The cost of unnecessary surrogate keys in relationship tables – Java, SQL, and jOOQ.

I show You how To Make Huge Profits In A Short Time With Cryptos!

What is a good natural key?

This is a very difficult question for most entities when designing your schema. In rare cases, there appears to be an “obvious” candidate, such as a variety of ISO standards, including:

But even then, there can be exceptions and the worst thing that can happen is a key change. Most database designs are play safe and use surrogate keys rather. No problem with that. But…

Relationship tables

There is one exception where a surrogate key is never really required. These are relationship tables.
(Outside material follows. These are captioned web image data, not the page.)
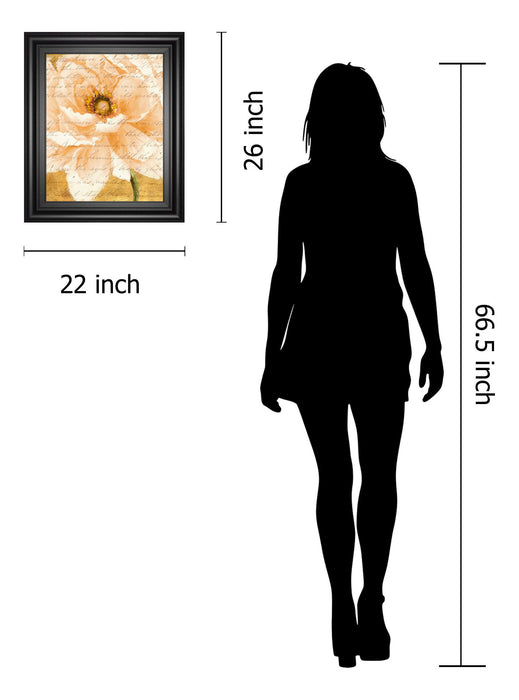 Beautiful Cream Peonies Script I By Patricia Pinto - Framed Print Wall Art - Gold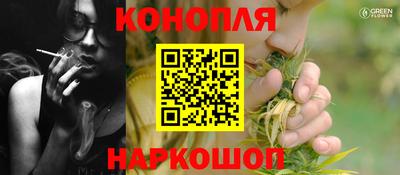 mdpv Краснознаменск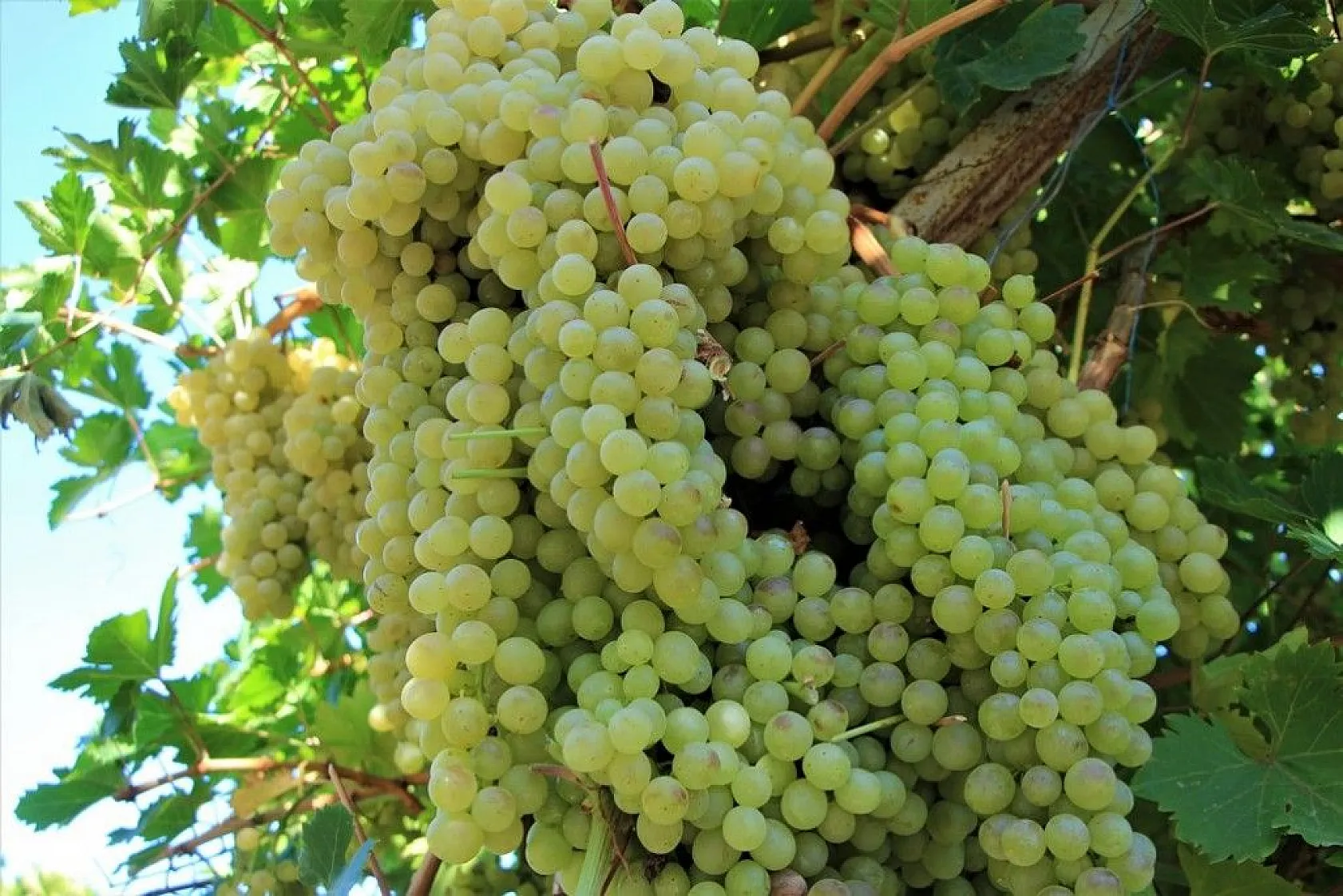 Elazığ'da 14. Bağ Bozumu ve Orcik Festivali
For example, in the Sakila Database, all relationship tables do not have a surrogate key and instead use their respective foreign keys as a “natural” composite primary key:

Therefore the FILM_ACTOR array, for example, is defined as such:


CREATE TABLE film_actor (
  actor_id int NOT NULL REFERENCES actor,
  film_id int NOT NULL REFERENCES film,

  CONSTRAINT film_actor_pkey PRIMARY KEY (actor_id, film_id)
);

There is really no need to add another column FILM_ACTOR_ID or ID for an individual row of this table, although many ORMs and schemas not defined by ORM will, just for “consistency” reasons (and in a few cases, because they cannot handle compound keys).

Now, the presence or absence of such a surrogate key is usually not very relevant in daily work with this table. If you are using an ORM, it probably won’t make any difference to the client code. If you are using SQL, it definitely is not. You never use this extra column.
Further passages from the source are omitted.